# Distributed DeepRacer RL training with SageMaker and RoboMaker

---
## Introduction


In this notebook, we will train a fully autonomous 1/18th scale race car using reinforcement learning using Amazon SageMaker RL and AWS RoboMaker's 3D driving simulator. [AWS RoboMaker](https://console.aws.amazon.com/robomaker/home#welcome) is a service that makes it easy for developers to develop, test, and deploy robotics applications.  

This notebook provides a jailbreak experience of [AWS DeepRacer](https://console.aws.amazon.com/deepracer/home#welcome), giving us more control over the training/simulation process and RL algorithm tuning.

![Training in Action](./deepracer-reinvent-track.jpg)


---
## How it works?  

![How training works](./training.png)

The reinforcement learning agent (i.e. our autonomous car) learns to drive by interacting with its environment, e.g., the track, by taking an action in a given state to maximize the expected reward.

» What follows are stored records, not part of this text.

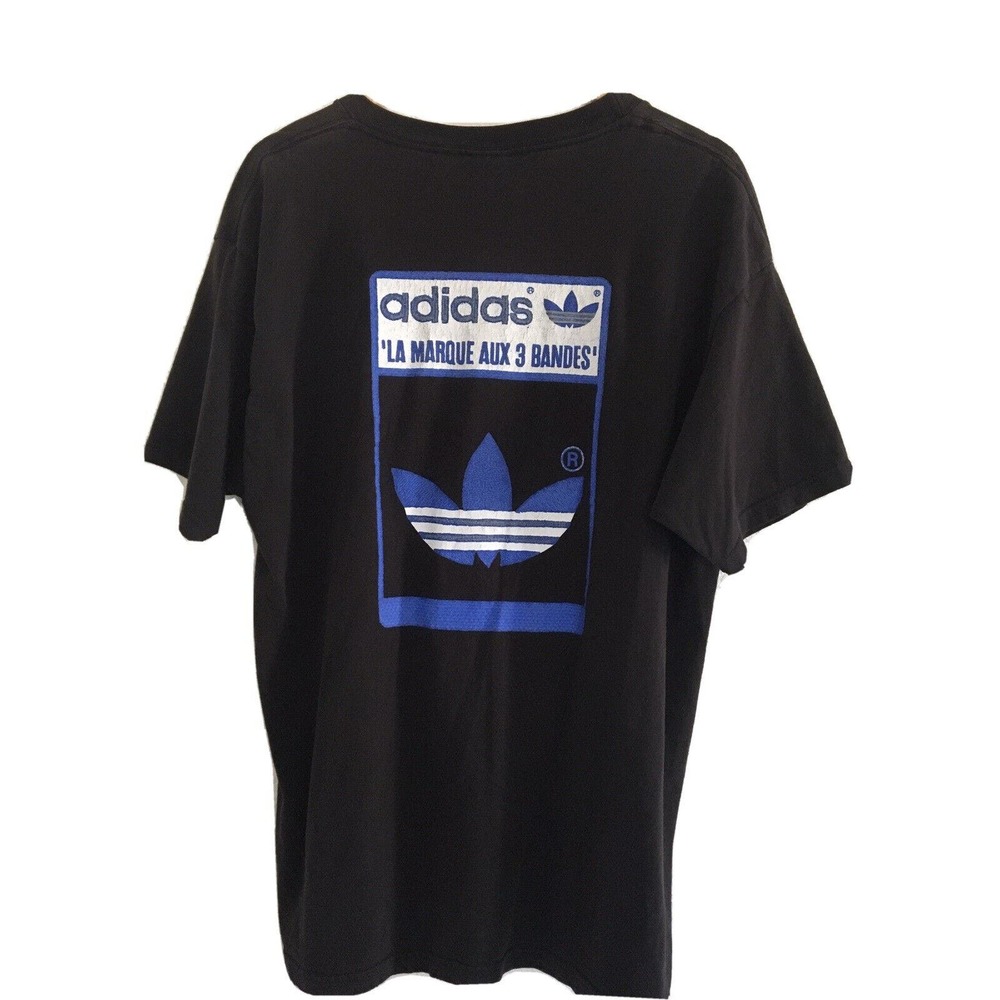Vtg Blk Adidas TREFOIL Faded L USA Big Logo Back Hit "La Marque Aux 3 Bandes"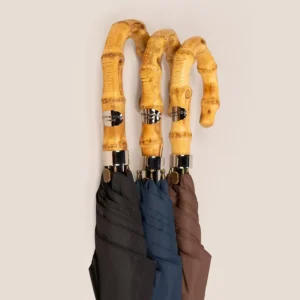 Japanese Classical Retro Bamboo Handle Water Repellent Straight Artistic Semi Automatic Control Business Gifts Umbrella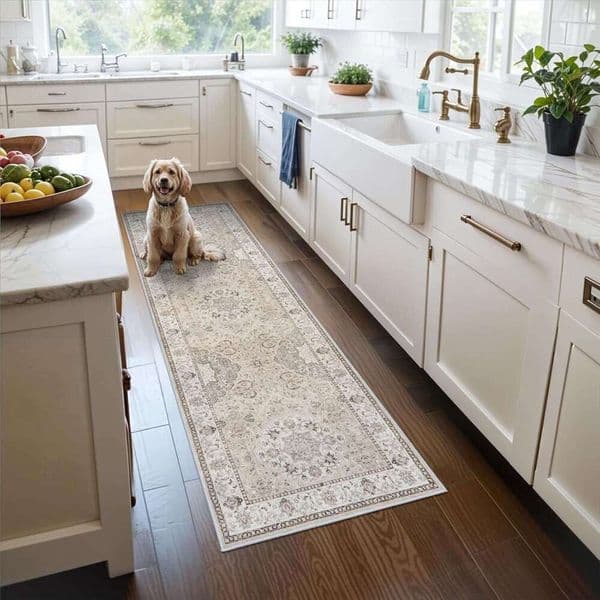 2x6 Hallway Washable : Vintage Soft Kitchen Laundry Runner with Non Slip Backing Farmhouse Entryway Living Room Floor Mat Stain Resistant Carpet for Bedroom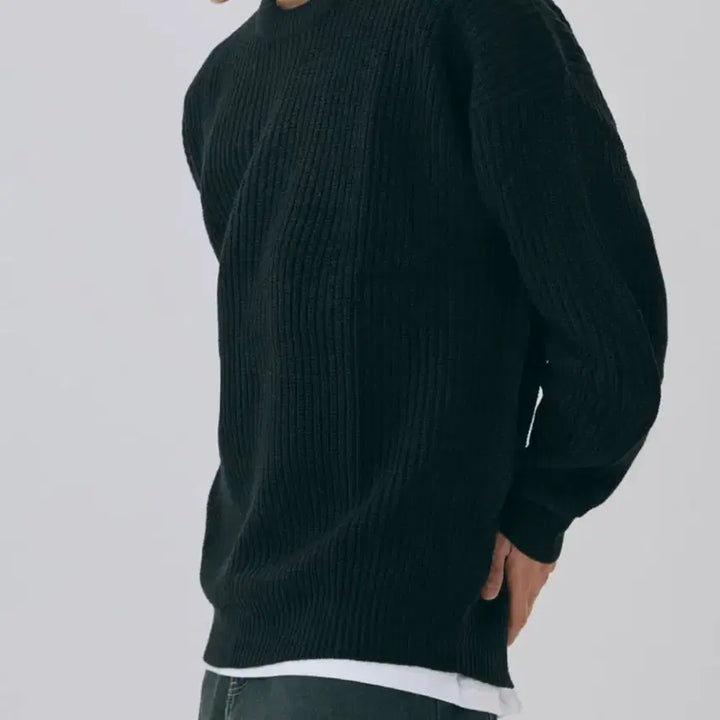 [BUNJANG] A.G.E.O.D. Crew Neck Oversized Knit (Black, L) / 에이지오디 크루넥 오버핏 블랙 니트 L 새상품
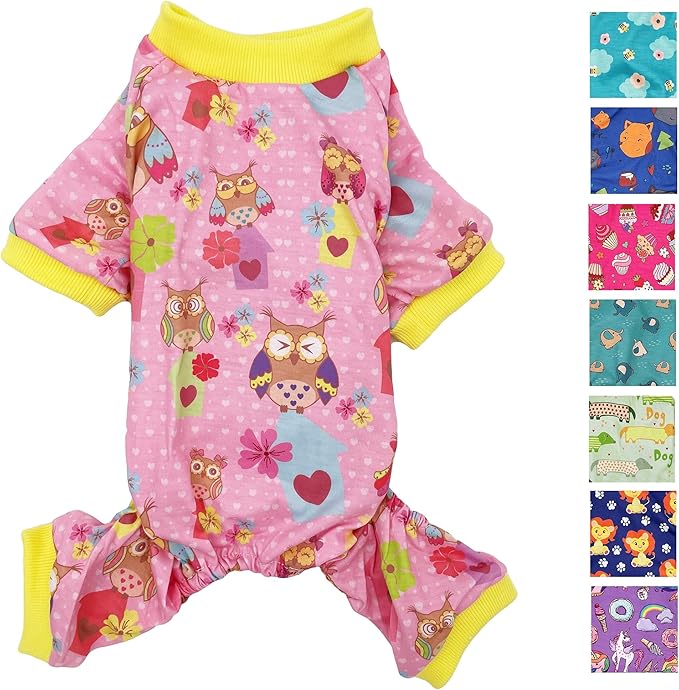 Dog Pajamas Soft COTTON Blend Jumpsuit Cute Pet Clothes for Small Medium Pet (Pink Owls, S: Length 12", Chest 14" - 17")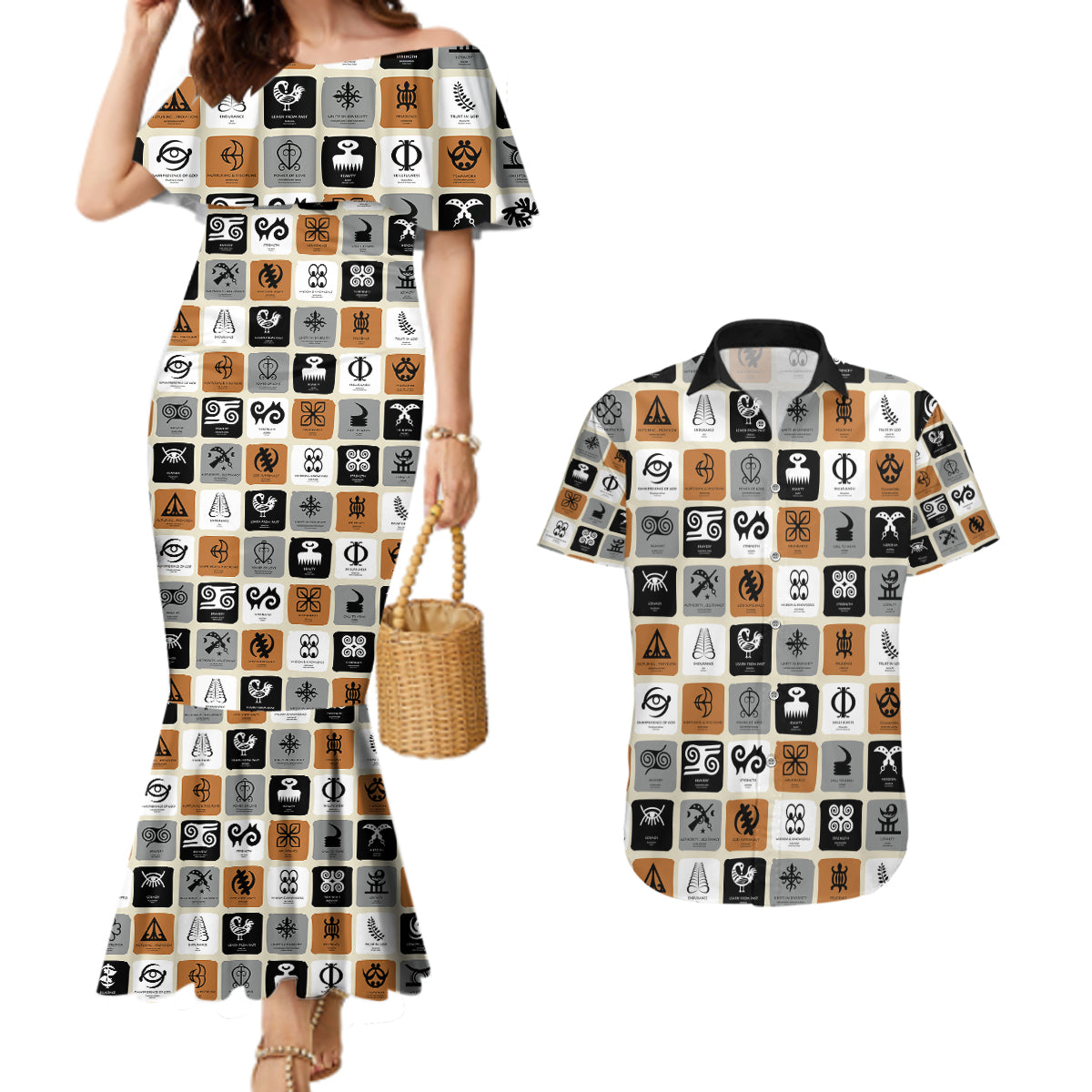 Adinkra Symbols Fashion Couples Matching Mermaid Dress and Hawaiian Shirt - Wonder Print Shop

The agent learns the optimal plan of actions in training by trial-and-error through repeated episodes.  
  
The figure above shows an example of distributed RL training across SageMaker and two RoboMaker simulation envrionments that perform the **rollouts** - execute a fixed number of episodes using the current model or policy. The rollouts collect agent experiences (state-transition tuples) and share this data with SageMaker for training. SageMaker updates the model policy which is then used to execute the next sequence of rollouts. This training loop continues until the model converges, i.e. the car learns to drive and stops going off-track. More formally, we can define the problem in terms of the following:  

1. **Objective**: Learn to drive autonomously by staying close to the center of the track.
2. **Environment**: A 3D driving simulator hosted on AWS RoboMaker.
3. **State**: The driving POV image captured by the car's head camera, as shown in the illustration above.
4. **Action**: Six discrete steering wheel positions at different angles (configurable)
5. **Reward**: Positive reward for staying close to the center line; High penalty for going off-track. This is configurable and can be made more complex (for e.g. steering penalty can be added).

### Imports

To get started, we'll import the Python libraries we need, set up the environment with a few prerequisites for permissions and configurations.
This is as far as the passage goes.